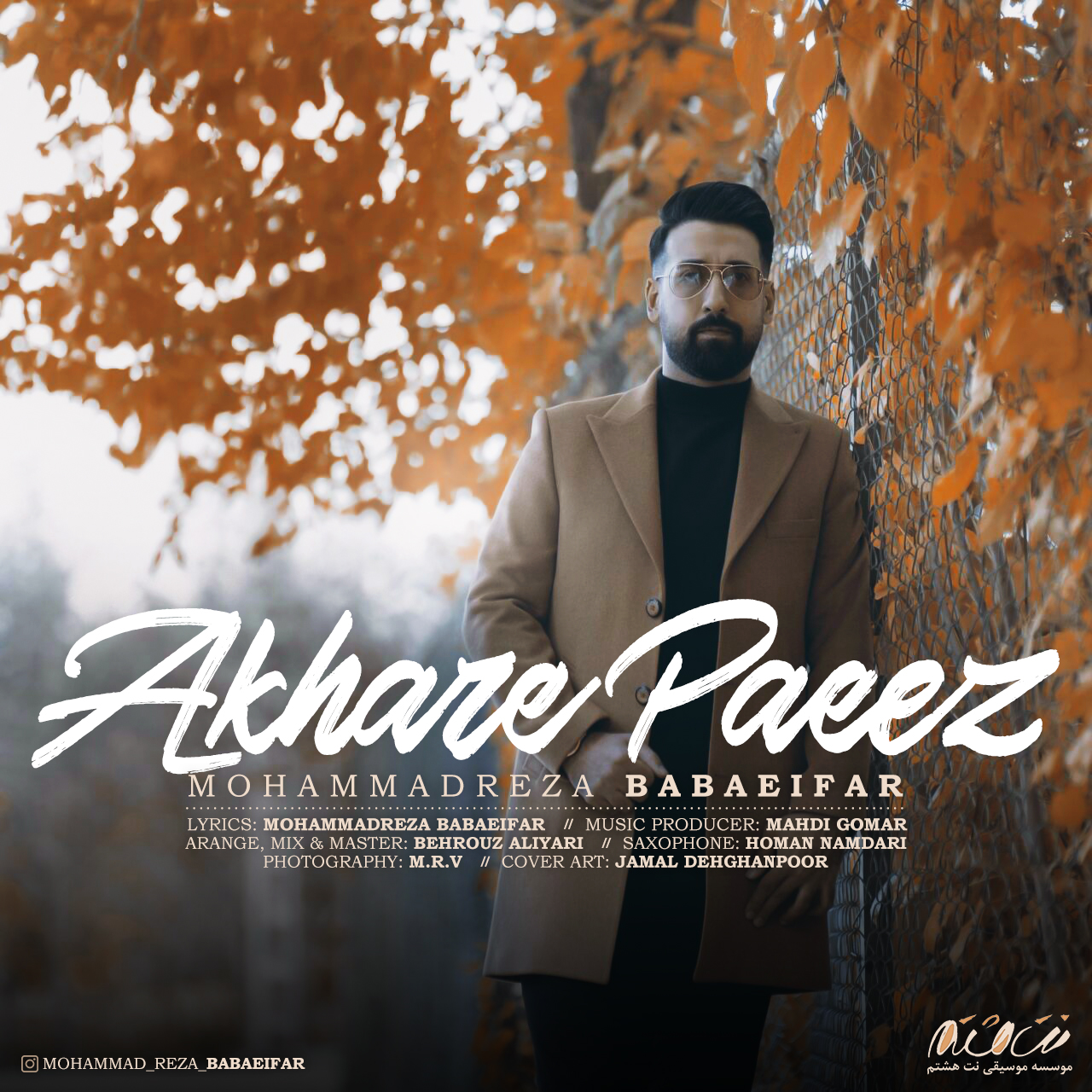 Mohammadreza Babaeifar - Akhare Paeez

§

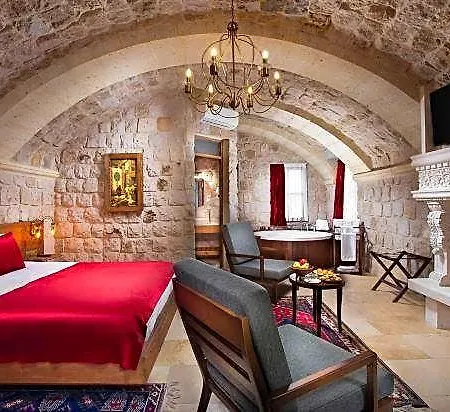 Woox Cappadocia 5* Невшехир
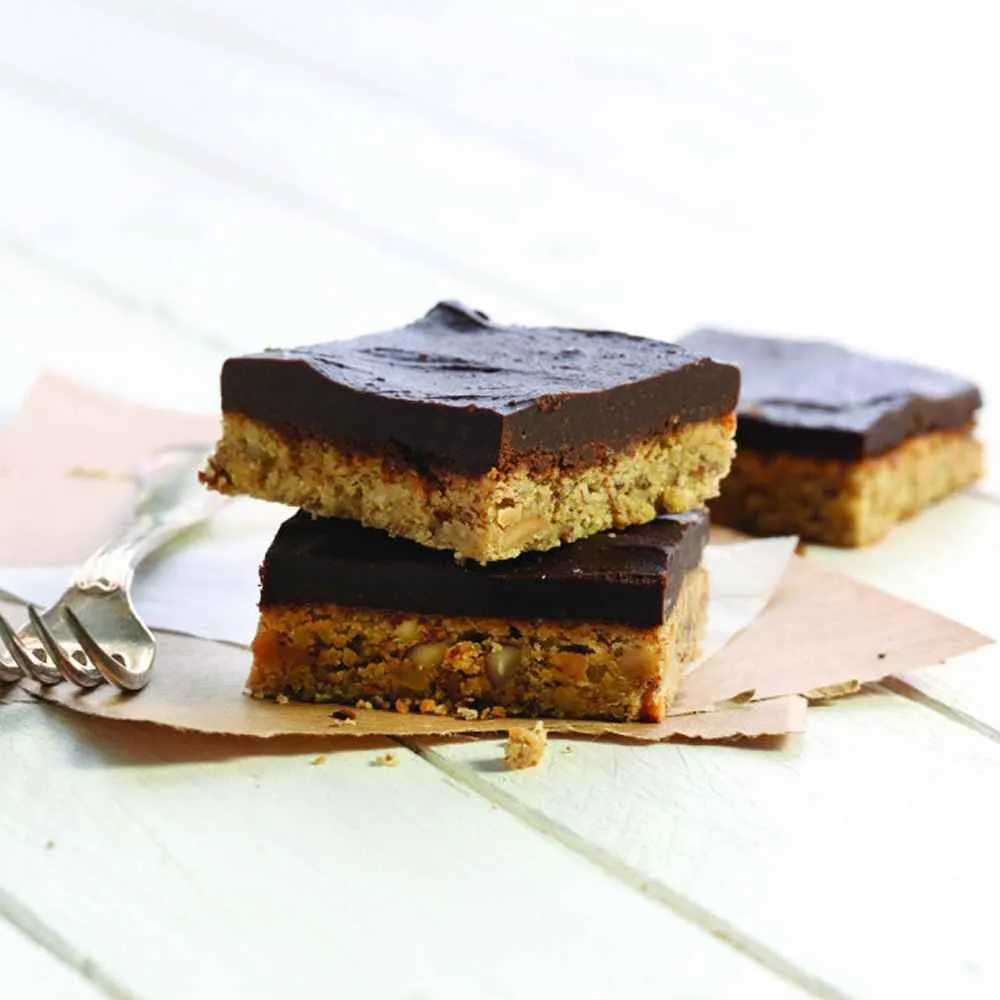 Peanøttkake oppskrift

§

§ PROBLEM
From the records above, copy only the lines running from the line containing "Woox Cappadocia 5* Невшехир" to the line containing "Peanøttkake oppskrift", both ends included. Leave the pictures out.

§ WRITTEN RESPONSE
 Woox Cappadocia 5* Невшехир
 Peanøttkake oppskrift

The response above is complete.